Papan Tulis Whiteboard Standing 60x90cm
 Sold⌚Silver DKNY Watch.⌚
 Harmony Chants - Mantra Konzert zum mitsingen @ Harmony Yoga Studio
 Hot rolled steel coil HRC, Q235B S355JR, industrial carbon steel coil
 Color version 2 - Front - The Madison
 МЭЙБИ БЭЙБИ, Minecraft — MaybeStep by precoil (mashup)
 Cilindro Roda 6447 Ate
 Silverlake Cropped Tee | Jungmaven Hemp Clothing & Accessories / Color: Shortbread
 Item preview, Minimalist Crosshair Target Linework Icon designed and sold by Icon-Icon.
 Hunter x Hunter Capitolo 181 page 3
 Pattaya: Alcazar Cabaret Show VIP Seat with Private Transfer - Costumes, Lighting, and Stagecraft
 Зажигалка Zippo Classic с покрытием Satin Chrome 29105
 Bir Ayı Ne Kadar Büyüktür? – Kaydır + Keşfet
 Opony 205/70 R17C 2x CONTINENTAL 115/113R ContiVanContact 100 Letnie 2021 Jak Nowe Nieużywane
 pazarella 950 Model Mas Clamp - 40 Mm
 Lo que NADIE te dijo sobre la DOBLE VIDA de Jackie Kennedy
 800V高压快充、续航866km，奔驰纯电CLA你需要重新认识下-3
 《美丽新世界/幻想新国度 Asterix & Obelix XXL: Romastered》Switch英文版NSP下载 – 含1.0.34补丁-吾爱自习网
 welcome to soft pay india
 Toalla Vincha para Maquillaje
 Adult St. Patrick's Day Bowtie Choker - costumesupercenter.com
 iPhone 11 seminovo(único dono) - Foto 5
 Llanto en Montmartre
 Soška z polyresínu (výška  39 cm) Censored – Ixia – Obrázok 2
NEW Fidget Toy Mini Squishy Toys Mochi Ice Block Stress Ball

● What you are asked to do: The last part of the records is the answer, beginning at the line that holds "welcome to soft pay india" and including the final line, repeated exactly.

● Written response:
 welcome to soft pay india
 Toalla Vincha para Maquillaje
 Adult St. Patrick's Day Bowtie Choker - costumesupercenter.com
 iPhone 11 seminovo(único dono) - Foto 5
 Llanto en Montmartre
 Soška z polyresínu (výška  39 cm) Censored – Ixia – Obrázok 2
NEW Fidget Toy Mini Squishy Toys Mochi Ice Block Stress Ball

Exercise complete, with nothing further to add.